Cf. ss. 85.1.1, 86.2.2.
arripui: Already used of taking up Paul (7.21.27, where see notes), to be used of taking up the Psalter (9.12.31), and also of `taking' a new life: 8.6.15, 8.10.24.
non in comessationibus . . . : Readings tending to support comessationibus: C2 DG2 O Ver. Readings tending to support comisationibus: C1 G1 S Knöll Skut.
Rom. 13.12-13, `nox praecessit, dies autem appropiavit. abiciamus ergo opera tenebrarum et induamur arma lucis. (13) sicut in die honeste ambulemus, non in comessationibus et ebrietatibus, non in cubilibus et impudicitiis, non in contentione et aemulatione, sed induite dominum Iesum Christum et carnis providentiam ne feceritis in concupiscentiis.' On the absence of this verse in A.'s earlier writings, see L. C. Ferrari, Aug.
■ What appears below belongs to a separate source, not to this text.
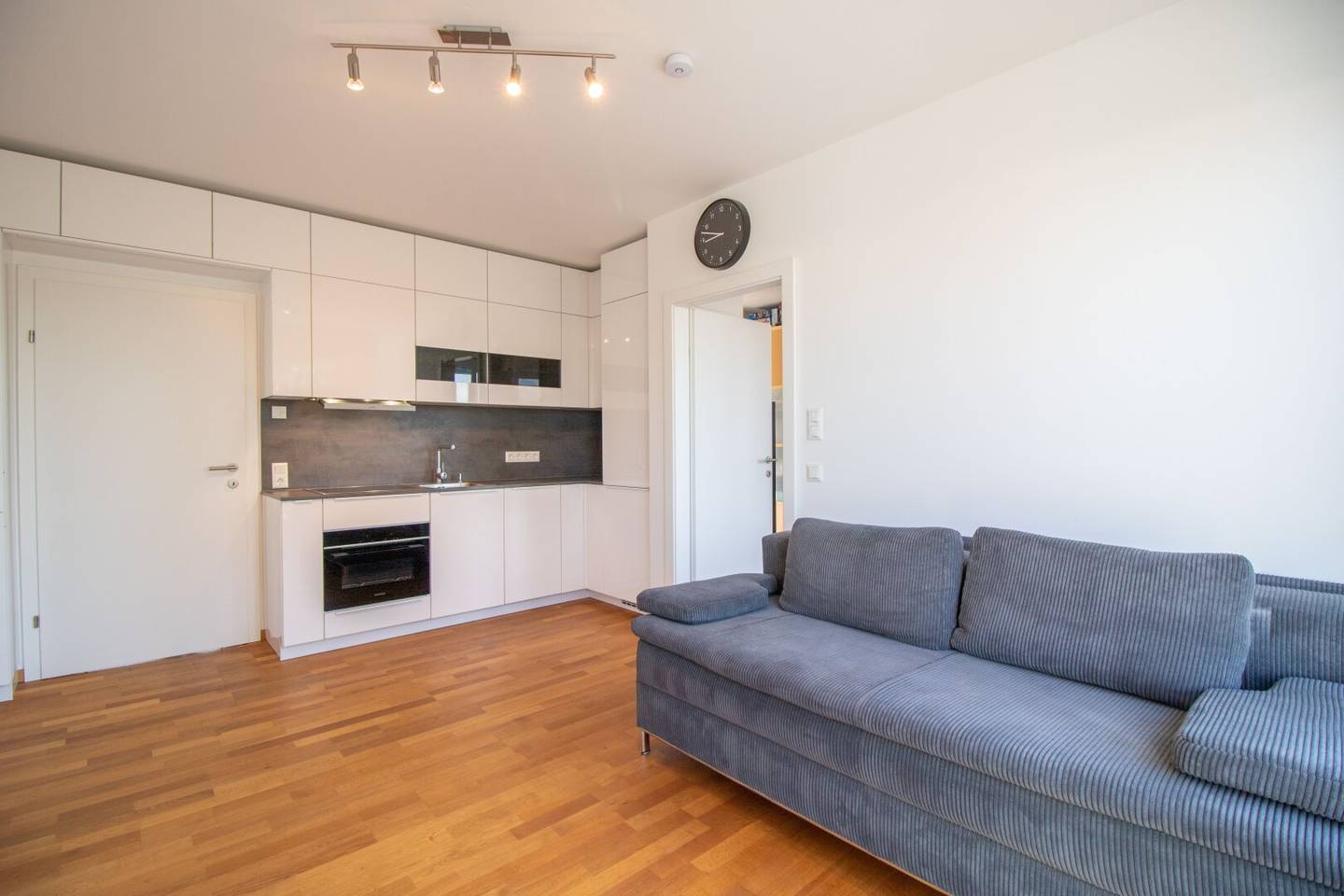 Graz! Neuwertige 2-Zi-Wohnung – barrierefrei mit Lift, Balkon & Carport-Stellplatz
Stud. 11(1980), 5-20, arguing at 17 that `those particular texts did not function in the real conversions of Augustine and Alypius after the manner in which these are depicted in the Confessions.' Given that, as Ferrari admits, A. was clearly reading Paul eagerly at this date (conf. 7.21.27, corroborated by c. acad. 2.2.5), this argument should take the form that in the construction of the artistic representation here of his `conversion', A. selected apt Pauline texts of the sort that affected him and Alypius then, selecting for effect and brevity; on that reading, we should take these passages as saying something like, `I read Romans especially, a book that left me with this sort of message . . .' That argument is tenable, but strained. If we press the baptismal link of this verse (through Gal. 3.27-28, quoted above), then the verse here is literally apt only of the decision to which it led, accepting baptism the following spring (see discussion of the resulting tension below).
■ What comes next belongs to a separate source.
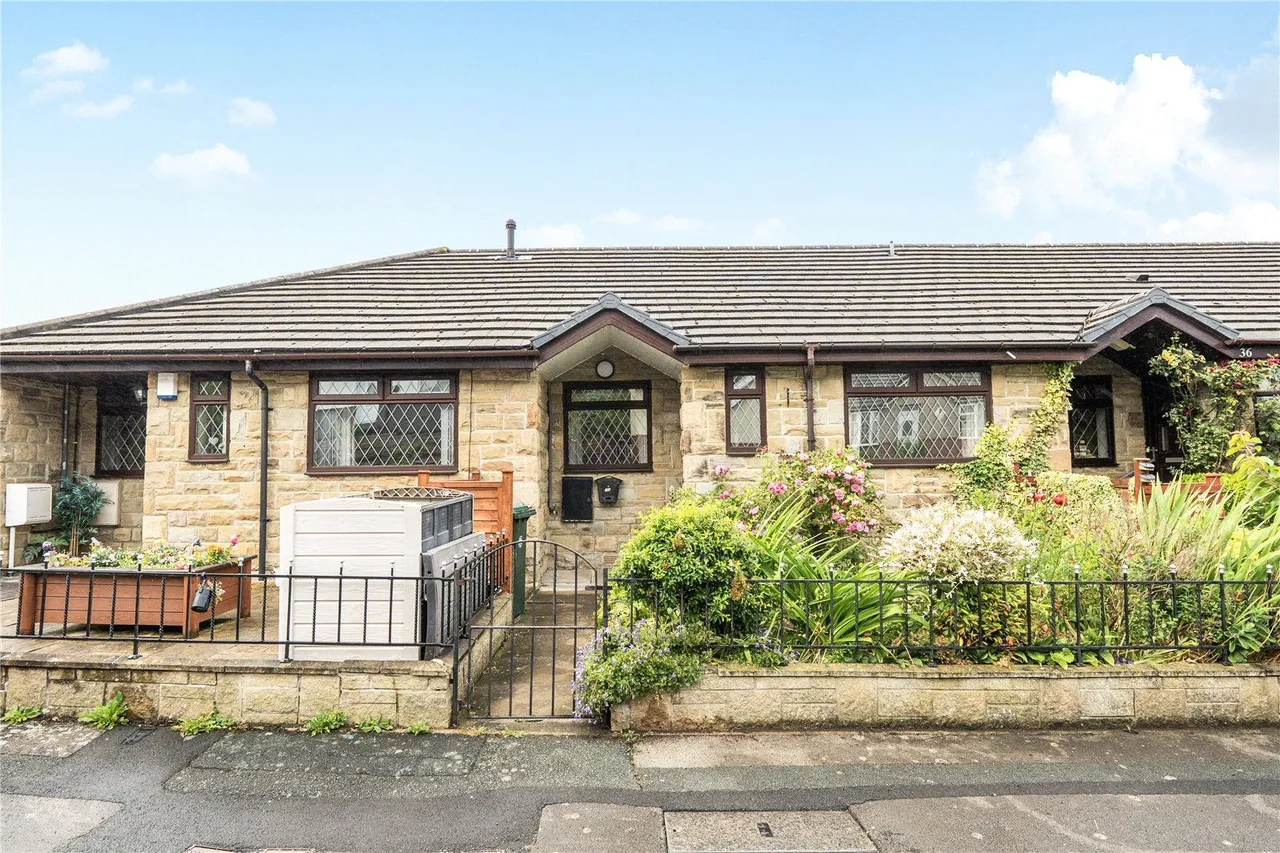 Avison Road, Cowlersley, HD4, photo 14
A further layer of implication here can perhaps be disengaged, with the help of ep. 22.. Written to bishop Aurelius of Carthage in 392/3, the letter is most famous for its strictures against African rites of the sort that Monnica found banned in Italy (6.1.1). At ep. 22.1.2, A. quotes Rom. 13.13, the first occurrence of this text in A.'s writing, and interprets it in a triadic way. There is no specific parallel to 1 Jn. 2.16, but the second and third pairs of vices condemned are clearly taken as arising from concupiscentia carnis (22.1.3, `horum ergo trium cubilia et impudicitiae ita magnum crimen putatur, ut nemo dignus non modo ecclesiastico ministerio, sed ipsa etiam sacramentorum communione videatur, qui se isto peccato maculaverit. et recte omnino') and ambitio saeculi (22.2.7, `horum autem morborum mater superbia est et humanae laudis aviditas'). Lawless, Rule ix and 14-28, suggests a reflection here of the triad avaritia, luxuria, and ambitio, but does not establish a rigorous parallel (or cite 1 Jn. 2.16).
Parallel texts: mor. 2.14.32 (quoting Rom. 14.1), exp. prop. Rom. 69 (77), ss. 205.1 (quoting the same words as here), 230, 366.5 (authenticity doubtful: cf. Verbraken), s. Den. 8.1, s. Frang. 7.6, en. Ps. 118. s. 20.3, spec. ad loc., and a more remote echo at s. 4.3.3.
At doctr. chr. 4.20.40 (from the section finished c. 426), he criticizes the clausula of the translation here (`et carnis providentiam ne feceritis in concupiscentiis'), assigning this passage to the middle style, designed to delectare, not of the high style, designed to flectere (cf. Cic. or. 21.69).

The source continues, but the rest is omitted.